On-time trick: Accept responsibility by giving yourself some kind of “punishment” when you’re late: buy your friend’s movie ticket, for example. Also, remove some of the unpredictability from your schedule by planning as much as you can in advance. If you’re driving to a job interview, look up the directions the night before—not 30 seconds before you need to leave.
You secretly dread something
Lateness is often really due to feeling anxious or stressed about a situation, Keith Ablow, MD, told GoodHousekeeping.com. “It's as if deep, unresolved emotions are acting as resistors in the mind's circuitry, redirecting us away from the source of our discomfort,” he says. This may be the case, for example, if you’re late to meet a friend for lunch because you’re worried you have too much on your work plate to duck out for a break, or if you’re concerned the restaurant is a tad out of your price range.
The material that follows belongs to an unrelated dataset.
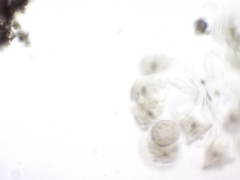 Conochilus hippocrepis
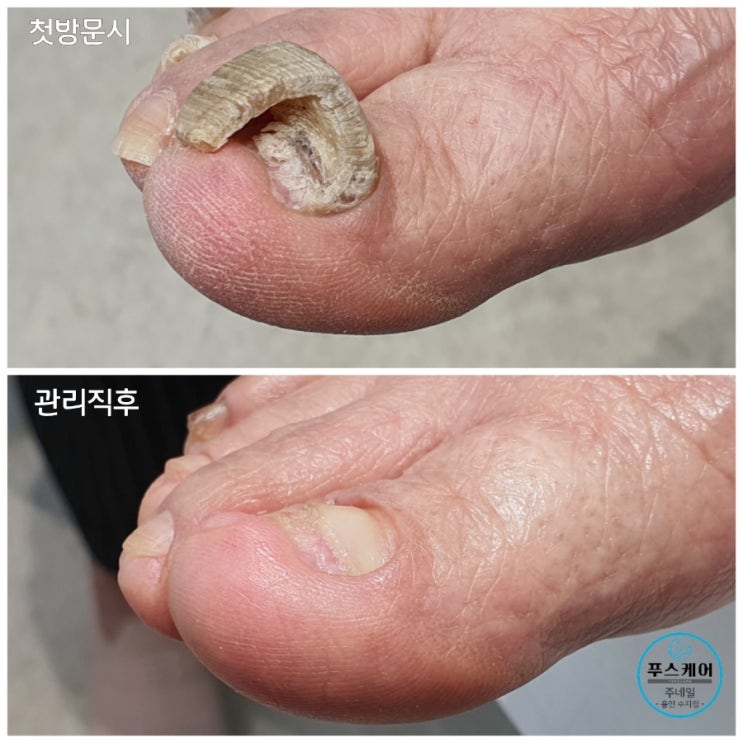82세 할머니의 두껍고 비정상적으로 자란 무좀 변형발톱 제거 1회 관리후기/성남수원수지보정동백죽전동/주네일/네일샵무좀파고드는내향성발톱손톱변형푸스케어 82세 할머니의 두껍고 비정상적으로 자란 무좀 변형발톱 제거 1회 관리후기/성남수원수지보정동백죽전동/주네일/네일샵무좀파고드는내향성발톱손톱변형푸스케어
On-time trick: Be honest with yourself about what’s really going on. Ablow suggests brainstorming practical solutions to overcome your angst. If the menu’s too pricey, suggest a “great food, great deal” alternative. If you’re stressed about your workload, stay late the day of your lunch date to compensate for your time out of the office.
You get antsy when you’re not super-busy
In a world where we can check email, book a plane ticket, and find a parking spot all from a few swipes of our smartphones, it’s no wonder some people run late because they hate the idea of having even a nanosecond of downtime.
On-time trick: Morgenstern says people in this category often fall prey to “one more task” syndrome—they try to accomplish one more thing before walking out the door. A remedy: Vow to leave on time. “The minute you think of squeezing in one more thing before you leave, just don't do it. Stop yourself in your tracks, grab your bag and walk out the door,” she told WebMD.
Leave some little To-Dos on your list so you don’t feel like you’re wasting time, whether it’s catching up on your Facebook feed, reading a book or magazine on your Kindle, or sending a “hey, let’s catch up” email to a friend you’ve been meaning to connect with.
© Jupiterimages/Polka Dot/Thinkstock
You easily zone out
Ever look up at the clock and wonder where the past three hours went? These latecomers tend to “get so wrapped up in the present moment, they completely space out on other commitments,” according to career coach Chrissy Scivicque on her USNews.com blog.
On-time trick: Scivicque recommends setting a timer (on your computer or phone) to remind yourself to stop and move on.
Sleeping in until the last minute (thanks, snooze button!) is a recipe for starting your day late, says Gretchen Rubin on TheHappinessProject.com.
On-time trick: Hit the hay earlier. And if you’re just not a morning person, prepare yourself and your family as much as you can the night before (lay out clothes, make lunches, sign permission slips) to avoid hiccups the next day.
When you’re the one who’s always on time …
Always frustrated by your best friend Tardy Tanya or Never-on-Time Ned? It’s time to come clean and let them know how you feel, says Ablow. They may not realize how much their lateness bugs you. He suggests to GoodHousekeeping.com that you say something like, “When you’re 20 minutes late—and it happens a fair amount—I start feeling like a second-class citizen. I doubt you want me to feel that way. Could we agree from now on to meet at a time that actually works for both of us?”